An interdisciplinary team from The University of Sydney, Southern Cross University, Flinders University and Université Grenoble-Alpes used a newly developed landscape evolution model that accounts for climatic evolution from 75,000 to 35,000 years ago, and it offers a fresh take on Pleistocene archaeology by examining the impact of a changing landscape on the dispersion of the first humans in Sahul.
“The new landscape evolution model allows for a more realistic description of the terrains and environments inhabited by the first hunter-gatherer communities as they traversed Sahul,” said lead author Dr Tristan Salles from the University of Sydney in a statement issued by Flinders University to Twentytwo13.

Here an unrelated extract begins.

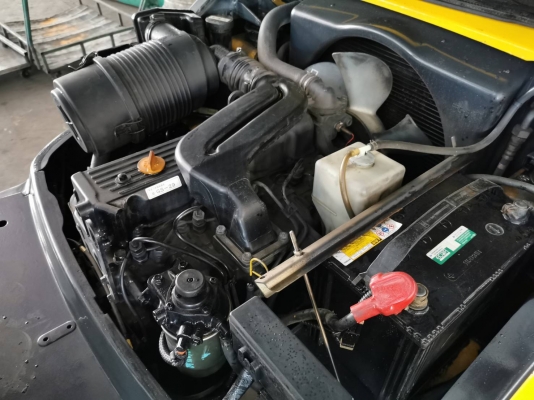 Forklifts Komatsu 2.5ตัน เครื่องยนต์ดีเซล รถยก2.5ตันพร้อมฟลูฟรีเสาเข้าตู้ได้สไลด์ชิฟเกียร์ออโต้ สภาพใช้งานน้อยมาก Forklifts Komatsu 2.5ตัน เครื่องยนต์ดีเซล รถยก2.5ตันพร้อมฟลูฟรีเสาเข้าตู้ได้สไลด์ชิฟเกียร์ออโต้ สภาพใช้งานน้อยมาก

“The model shows the impact of the physical environment on human mobility by combining time-evolving landscapes with foraging patterns, which account for a combination of short-distance steps and occasional longer moves that hunter-gatherers likely used for efficient exploration of new environments.”
To examine the peopling of Sahul, the researchers run thousands of mechanistic simulations on top of the evolving landscape. Two entry points for migration routes were considered: a northern route through West Papua (entry time: 73,000 years), and a southern entry point from the Timor Sea shelf (entry time: about 75,000 years).
From these simulations, calculations of the speeds of migration based on available archaeological sites produced a map of most likely visited regions in Australia, which suggests that people spread across the continent quite rapidly. The researchers then analysed the likelihood of archaeological sites and highlighted areas in Australia that hold archaeological potential.
“One aspect that has been mostly overlooked when evaluating this spread of first humans across Sahul is the impact of climate-driven evolution of Earth’s surface geography, which took place during the time of migration,” said co-author Associate Professor Ian Moffat, an archaeological scientist from Flinders University.
The model didn’t identify well-defined migration routes, but instead showed a “radiating wave” of migrations across Sahul following riverine corridors and coastlines. However, it did indicate a high likelihood of human presence near several already-proposed pathways of Indigenous movement (called super-highways), including those to the east of Lake Carpentaria, along the southern corridors south of Lake Eyre, and traversing the Australian interior.
The researchers are hopeful the new model can now potentially pinpoint areas of archaeological significance and provide an indication of how much specific sites may have eroded or received extra sediment.
They also believe the model could be applied to other locations that could improve our understanding of humanity’s extraordinary journey out of Africa.